__Work instruction__
All lines from the one with "de capivaras de" through the final line of the records below must be written out exactly, with no other text.

Segment Start: Records for processing

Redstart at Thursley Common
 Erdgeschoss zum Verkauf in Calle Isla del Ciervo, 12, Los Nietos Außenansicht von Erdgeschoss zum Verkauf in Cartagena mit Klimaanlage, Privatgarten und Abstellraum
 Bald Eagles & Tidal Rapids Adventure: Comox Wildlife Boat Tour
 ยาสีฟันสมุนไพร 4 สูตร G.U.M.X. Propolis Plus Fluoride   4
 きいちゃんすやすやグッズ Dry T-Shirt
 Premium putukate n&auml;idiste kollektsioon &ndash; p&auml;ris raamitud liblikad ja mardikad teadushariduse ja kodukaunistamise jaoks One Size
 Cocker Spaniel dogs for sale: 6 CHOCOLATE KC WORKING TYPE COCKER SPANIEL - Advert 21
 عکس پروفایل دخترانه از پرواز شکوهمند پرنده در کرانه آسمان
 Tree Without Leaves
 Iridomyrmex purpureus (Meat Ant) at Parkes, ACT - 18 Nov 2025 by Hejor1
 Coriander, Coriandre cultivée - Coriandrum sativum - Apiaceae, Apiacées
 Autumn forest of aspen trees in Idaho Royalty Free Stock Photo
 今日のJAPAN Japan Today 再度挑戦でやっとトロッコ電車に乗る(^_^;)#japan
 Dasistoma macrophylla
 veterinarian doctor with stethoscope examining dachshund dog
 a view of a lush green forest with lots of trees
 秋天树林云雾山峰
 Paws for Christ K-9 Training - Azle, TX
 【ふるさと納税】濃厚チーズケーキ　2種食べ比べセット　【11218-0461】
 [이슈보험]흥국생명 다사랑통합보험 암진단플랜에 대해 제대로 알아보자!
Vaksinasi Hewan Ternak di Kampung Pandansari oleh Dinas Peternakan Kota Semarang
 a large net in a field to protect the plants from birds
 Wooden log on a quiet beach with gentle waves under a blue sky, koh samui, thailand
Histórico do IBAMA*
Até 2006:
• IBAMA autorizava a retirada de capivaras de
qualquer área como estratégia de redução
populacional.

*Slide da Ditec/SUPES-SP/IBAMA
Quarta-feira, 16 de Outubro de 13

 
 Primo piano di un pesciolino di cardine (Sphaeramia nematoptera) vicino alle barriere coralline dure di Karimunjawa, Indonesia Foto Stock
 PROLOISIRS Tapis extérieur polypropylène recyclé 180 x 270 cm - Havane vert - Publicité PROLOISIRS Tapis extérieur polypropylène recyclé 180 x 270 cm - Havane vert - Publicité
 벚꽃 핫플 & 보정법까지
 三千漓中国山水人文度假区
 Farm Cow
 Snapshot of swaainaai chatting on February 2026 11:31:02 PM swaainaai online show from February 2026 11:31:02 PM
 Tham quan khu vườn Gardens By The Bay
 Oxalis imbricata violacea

Segment End: Records for processing

__Exercise output__
• IBAMA autorizava a retirada de capivaras de
qualquer área como estratégia de redução
populacional.

*Slide da Ditec/SUPES-SP/IBAMA
Quarta-feira, 16 de Outubro de 13

 
 Primo piano di un pesciolino di cardine (Sphaeramia nematoptera) vicino alle barriere coralline dure di Karimunjawa, Indonesia Foto Stock
 PROLOISIRS Tapis extérieur polypropylène recyclé 180 x 270 cm - Havane vert - Publicité PROLOISIRS Tapis extérieur polypropylène recyclé 180 x 270 cm - Havane vert - Publicité
 벚꽃 핫플 & 보정법까지
 三千漓中国山水人文度假区
 Farm Cow
 Snapshot of swaainaai chatting on February 2026 11:31:02 PM swaainaai online show from February 2026 11:31:02 PM
 Tham quan khu vườn Gardens By The Bay
 Oxalis imbricata violacea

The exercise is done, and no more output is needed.